John Adams, director of research at left-leaning think-tank IPPR North, looks at the impact of yesterday's Government White Paper on skills.

Yesterday saw the publication of the Government's latest White Paper on skills policy, this time focusing on the role of further education (FE) colleges.

The media headlines are likely to be dominated by the Government's proposals that failing colleges may face a private sector takeover or that industry high-fliers will be encouraged to work in further education colleges.

However, more interesting is the Government's argument that FE colleges need a new "economic mission" and that this mission is at the heart of the FE sector. The Government also wants to see stronger links between jobs, adult training, regeneration and economic development in major cities, although it is not clear why this would not also be beneficial for County Durham. The White Paper is the Government's response to a report published at the end of last year by Sir Andrew Foster, former head of the Audit Commission, which argued that the nation's economic performance required a clear focus on skills. While the White Paper contains numerous proposals that are important for the FE sector, this is the issue which is perhaps most salient in the North-East.

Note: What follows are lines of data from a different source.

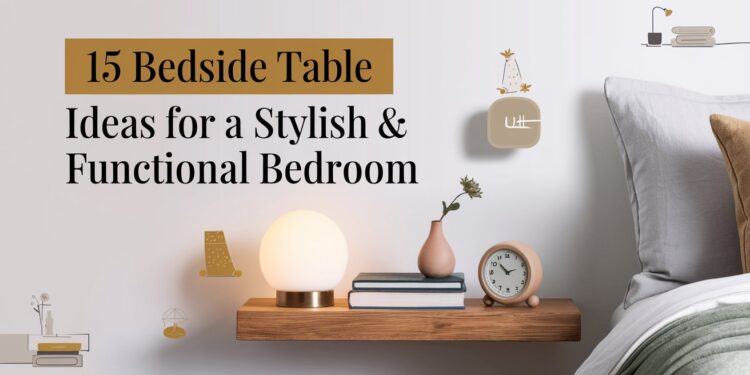 Explore 15 innovative bedside table ideas that blend style and functionality, featuring modern wooden shelves adorned with chic lamps, elegant vases, books, and classic analog clocks. Embrace minimalist design to enhance your bedroom decor.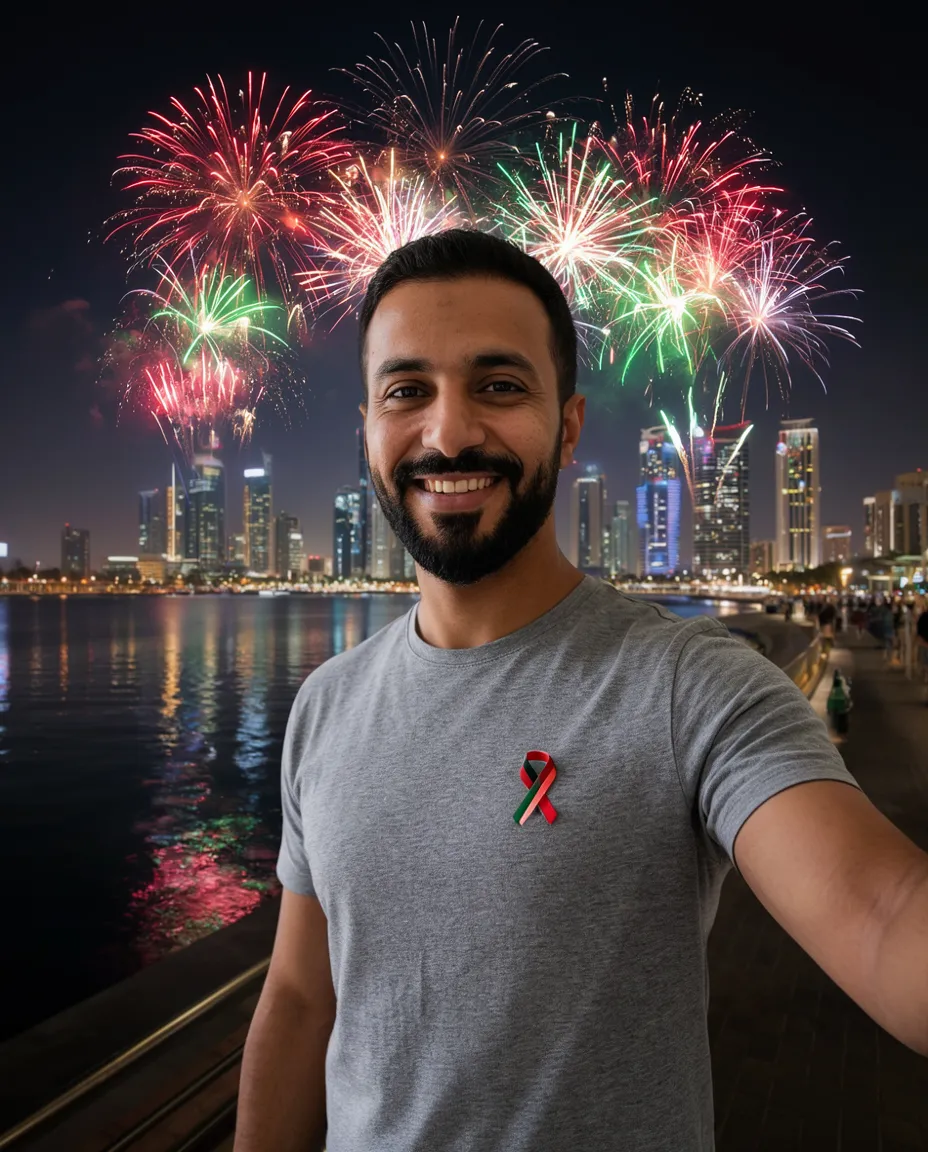 AI selfie with fireworks over a UAE waterfront skyline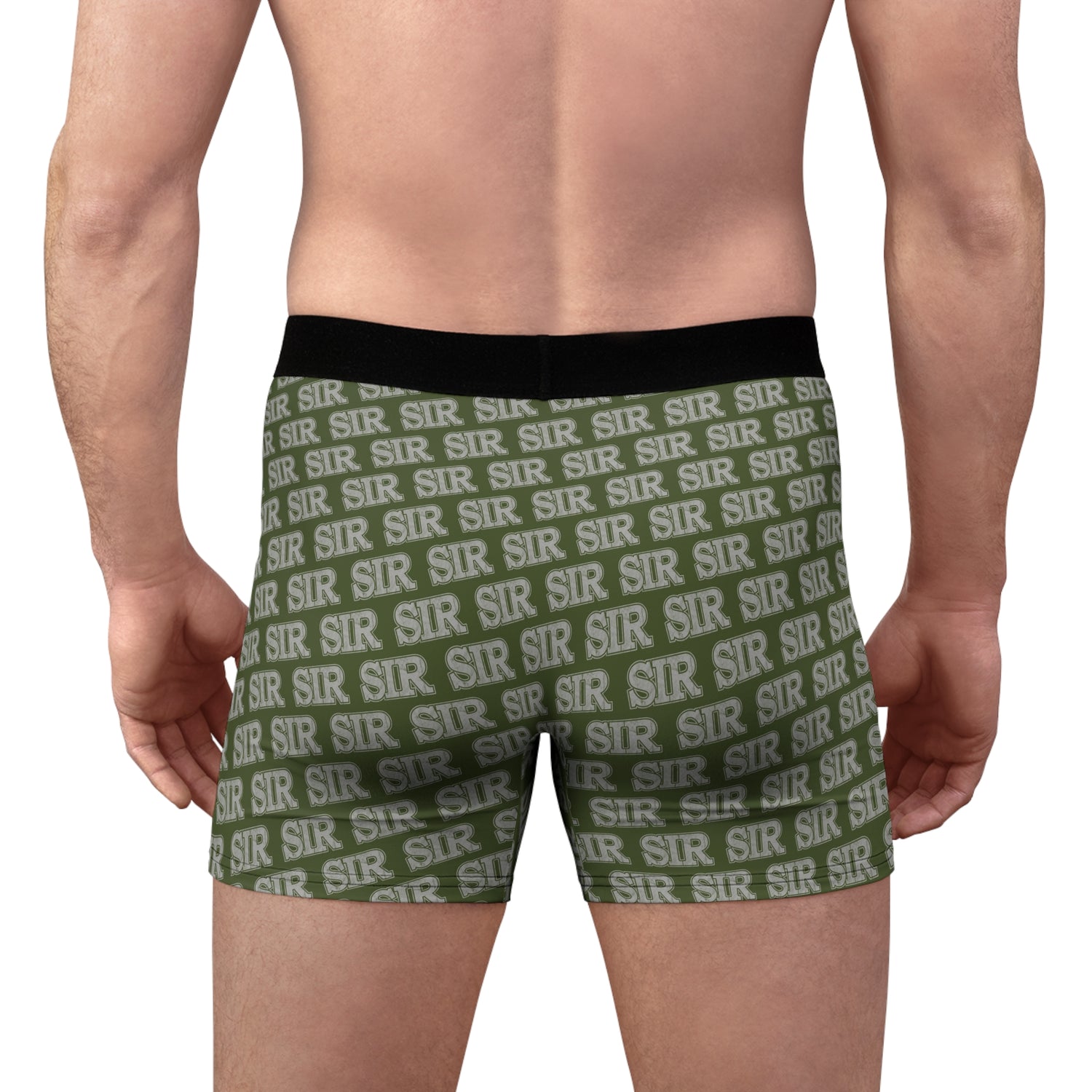 All Over Prints Sir Alpha Guy Military Nerd Boxer Briefs | Army Green Distressed Pattern | Commanding Underwear for Alpha Personalities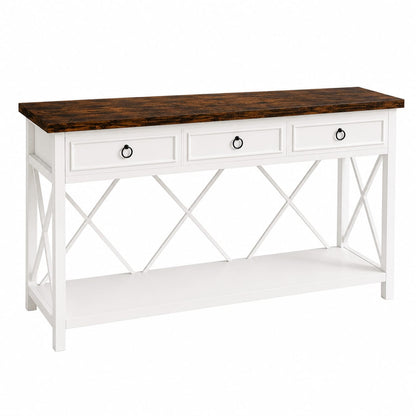Modern White Console Table with 3 Drawers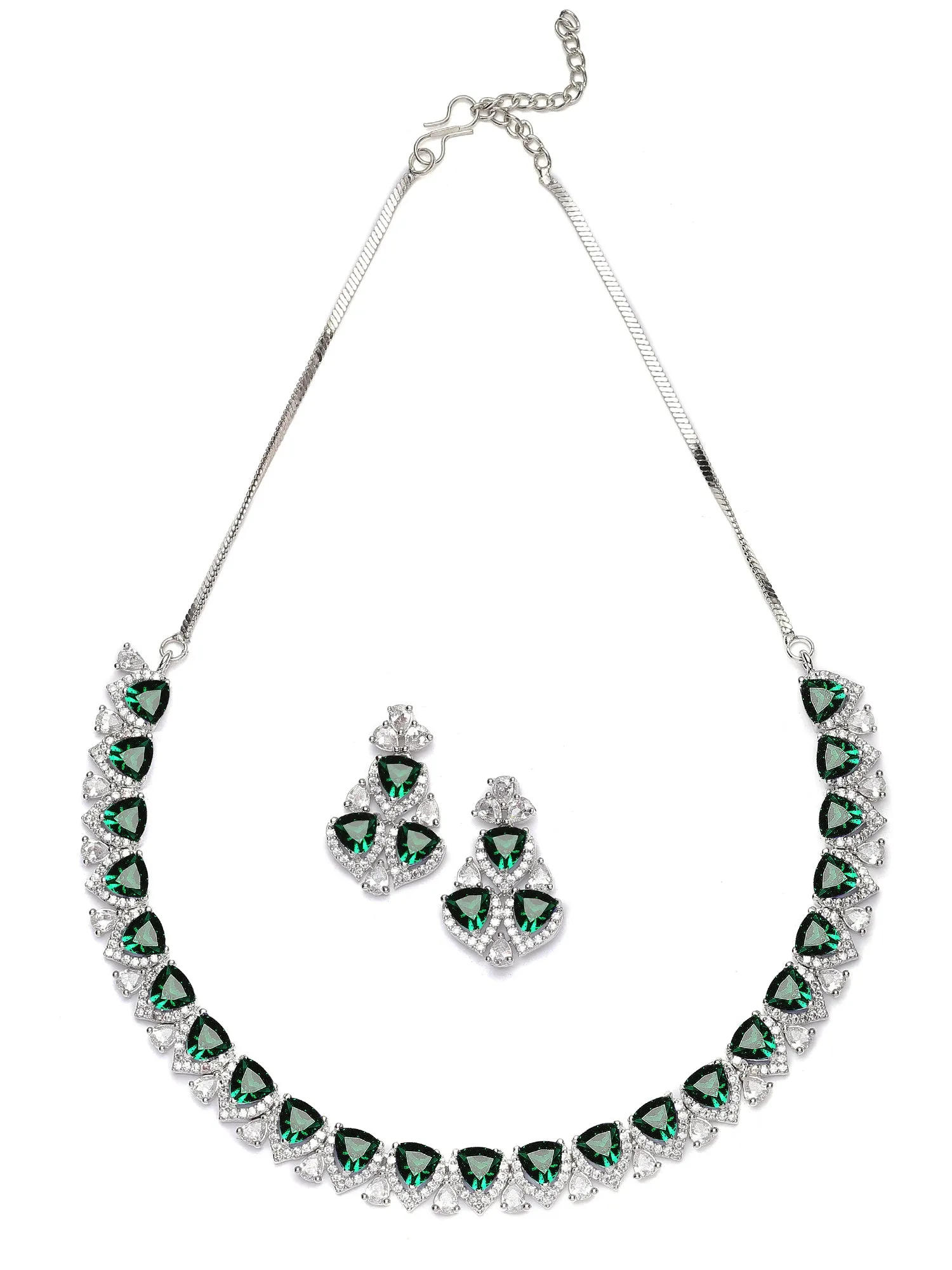 Karatcart Silver Plated Heart Shape Green Cubic Zirconia Necklace Set for Women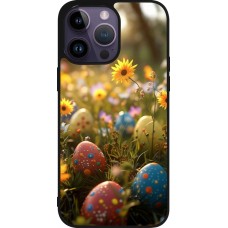 Coque iPhone 15 Pro Max - Silicone rigide noir Easter 2026 Decorated eggs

But this is not as straightforward an issue as many assume. One of the problems with the present adult skills policy has been the failure to appreciate the nuances of the impact of different types of qualifications. Skills can benefit the economy in a number of ways - they can help improve productivity (the rate at which a firm produces goods or services); they can help improve the employability of people who are out of work; and they are an important factor in improving an individual's earnings. But one point that is often overlooked in debates on this issue is that different elements of skills and training will have a different impact on each of these three objectives.

Academic research is beginning to paint a better picture of what impact specific qualifications have in the labour market. In brief, it would seem that there are high wage premiums for academic qualifications (degrees, A-level and higher GCSEs), professional qualifications, and many of the high and intermediate vocational qualifications. Worryingly, the evidence also seems to suggest that people with low-level National Vocational Qualifications (NVQs) are likely to have lower wages than those without NVQs.

In addition, while five good GCSEs and an NVQ level two may both be technically regarded as level two qualifications, they are treated substantially differently by employers - five good GCSEs are simply worth more than an NVQ level two.

Some NVQs at level two, however, attract positive returns from employers in the labour market.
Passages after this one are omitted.